Posted by bob on September 27, 2018

When I was in elementary school, one of the phrases I hated the most was when the teacher would say, “Show your work.”

What did that mean? Was I supposed to write down the voices in my head, the ones that told me that 2+2=4? How could I show something that was memorized? It was not until much later in my life that I better understood what was meant by Show Your Work. It certainly would have helped me if someone had explained a little better back then.

If you have a simple math problem like this:

    124

+  456

  -------

We could write down:

4+6 = 10 (so write down the zero and carry the “one” to the next column left)

[1+2=3] (add the carried “one”)

3+5 = 8 (next digit)

1+4 = 5 (most significant digit)

 

Or we could just show the leftward progression of our addition, noting any carries from one column to the next:

 

    11+2  4

+  4   5  6

     -------

    5  8   0

Sometimes in life, we don’t have the time or energy to completely document all of our work as in the first example.  But we certainly can use a short form in the second example.  That second example is likely good enough for someone else to check.  If I incorrectly forgot to carry the one and wrote the answer as 570, it would be apparent that either I forgot to add that carried digit OR I made a basic math mistake of adding 5 plus 3 and somehow got 7.  It would certainly be easier to identify the location of a mistake in the first example.

My general guideline has become that your documentation (also known as “show your work”) should be good enough for a third party (someone not involved in the original work) to reproduce or check your steps.  That means that you should make every effort to increase clarity in your writing.  Avoid indefinite references.  This is discussed in considerable detail in Chapter 2 of An Engineer’s Guide to Solving Problems.  It is also a key part of the Problem Solving Template, available in the Free Stuff files section of this website.

Let me share a short story about how clear documentation allows a third-party to check your work.

Once upon a time, there was an engineering team trying to deliver a video Set-Top-Box design. The analog video output of the prototypes were showing too little chrominance (chroma) subcarrier signal.  The fix should have been trivial, since the main chipset had a register which could control the amplitude of the chroma signal.

This is where the story became confusing.  The software (driver) for the chipset was controlled by a remote software team, far from the primary engineering team, and far from the chipset vendor’s hardware teams.  When an increase in chroma level was requested, the next iteration of software showed far too high of chroma signal level.  The teams went back and forth requesting and attempting a fix.  The result always showed either too high or too low of a chroma level. 

Sadly, the back-and-forth oscillation went on through many weeks and attempts at new driver code.

Finally, the question was asked, “Can the software team see the result of the change they are making?”  Their answer was surprising: “No, they have no equipment or instruments to show them the video output characteristics.”

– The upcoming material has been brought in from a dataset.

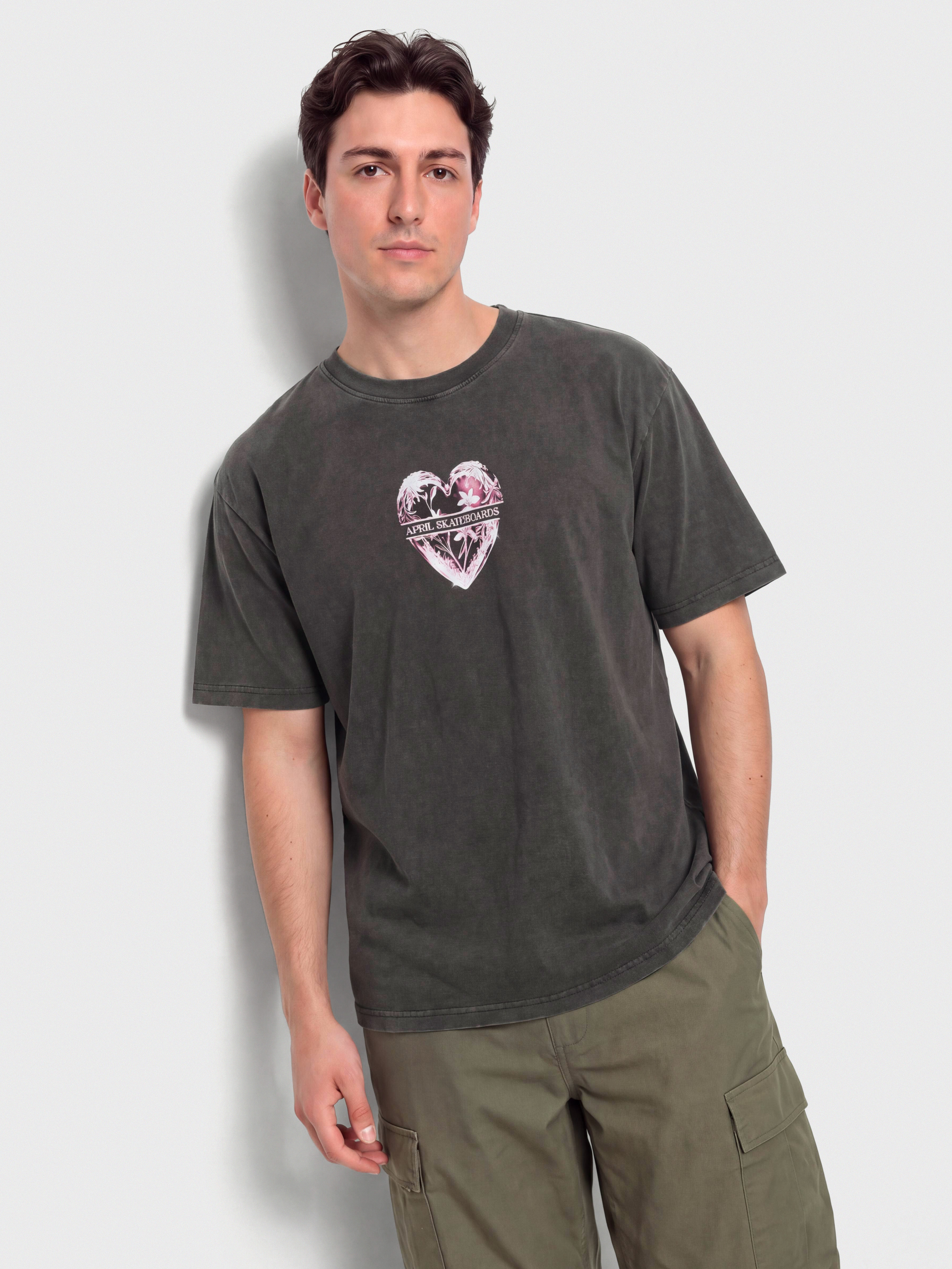 Tricou April Skateboards Heart (vintage black)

That surprising answer turned the conversation towards the actual value the software folks were making in the register.  They responded that they had tried 0x67, 0x68, 0x69, 0x70, and 0x71 and none of these values made the hardware folks happy, who reported chroma was either too low or too high.

Eventually, one bright sales engineer monitoring the email thread jumped in.  He asked, “Are those really hex values you are programming, or have you just written them as hexadecimal out of habit?”

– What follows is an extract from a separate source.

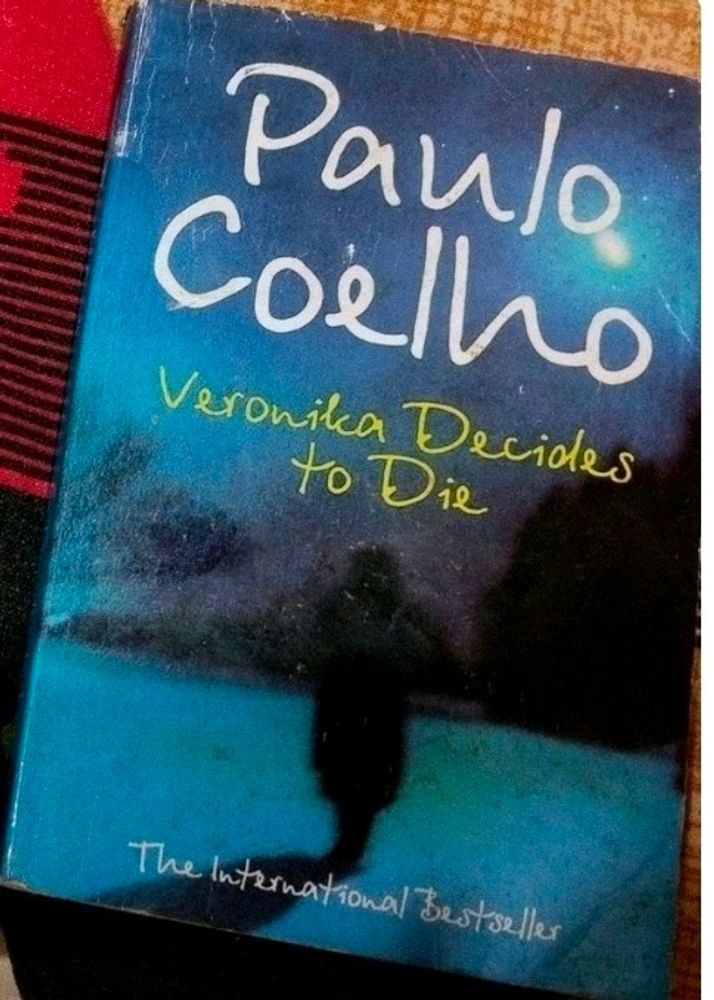 Veronika Decide To Die Book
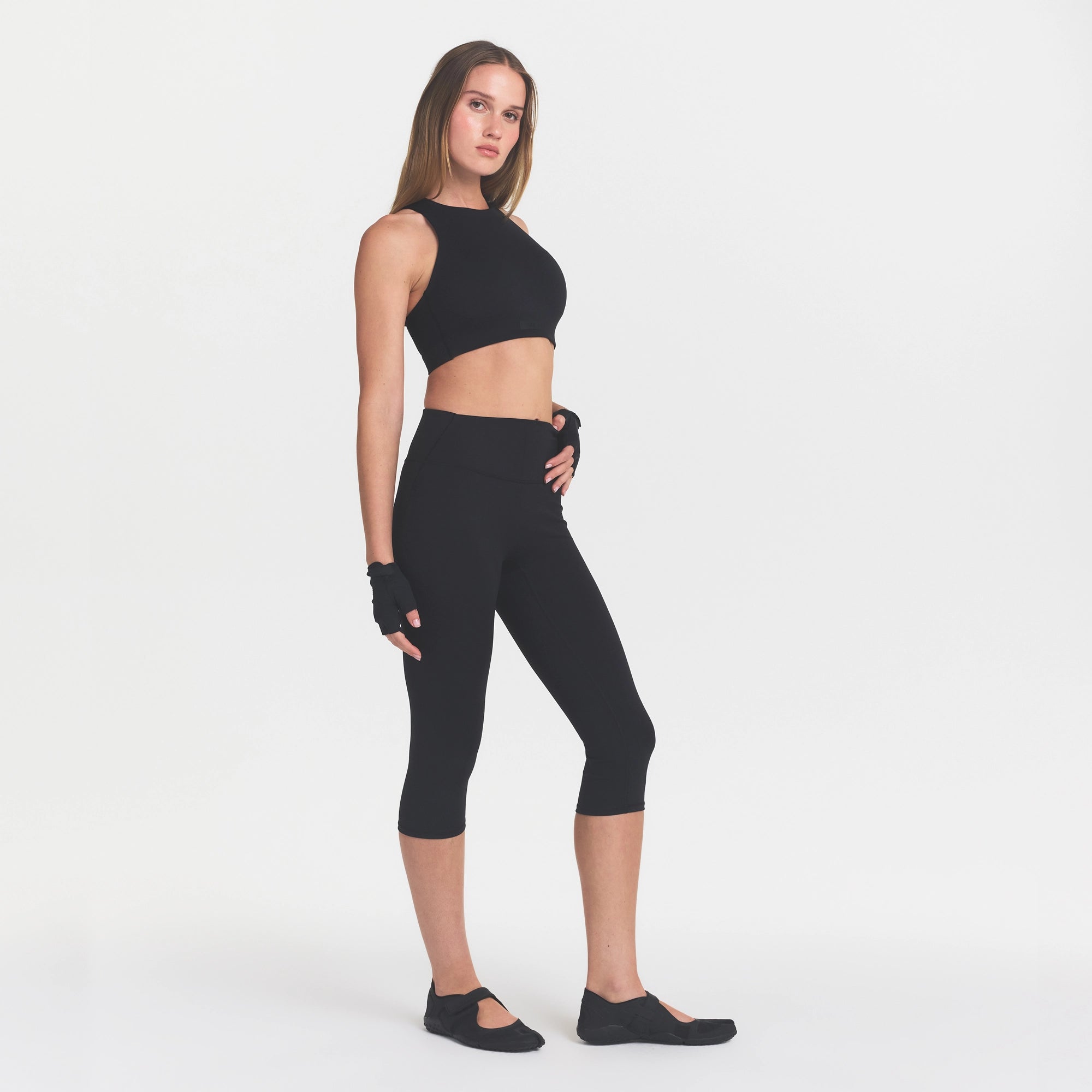 NikeSKIMS MATTE 17 CAPRI LEGGING | OBSIDIAN - Image 3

As you have probably figured out already, the programmers had correctly noted that the values were in hexadecimal, but they were counting up as if the value were DECIMAL (67, 68, 69, 70, and 71).  Doh! There are 6 additional values between 0x69 and 0x70 (0x6A, 0x6B, 0x6C, 0x6D, 0x6E, and 0x6F).  A value of 0x6A turned out to give the slight increase needed and the problem was finally solved.

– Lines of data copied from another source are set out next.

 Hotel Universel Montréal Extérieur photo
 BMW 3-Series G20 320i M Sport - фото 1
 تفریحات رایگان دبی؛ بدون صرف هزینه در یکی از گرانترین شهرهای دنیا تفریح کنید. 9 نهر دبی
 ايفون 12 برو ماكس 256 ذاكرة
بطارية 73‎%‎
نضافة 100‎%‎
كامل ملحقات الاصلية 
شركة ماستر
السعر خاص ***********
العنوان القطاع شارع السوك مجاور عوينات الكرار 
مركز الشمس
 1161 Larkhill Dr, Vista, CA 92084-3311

Unfortunately, this process cost too many weeks and a ridiculous amount of manpower.  Had the software team been properly equipped, they might have been able to identify their mistake earlier. But perhaps that still would not have helped, if they continued to be blind to their simple mistake of counting up in decimal, when working in hexadecimal (base 16).

Ultimately, it was the process of them showing their work in an email that allowed a third party to quickly and easily identify the mistake.

Although the many engineers in this story went on to solve other, bigger problems, this mistake lived un-happily ever after in their memories.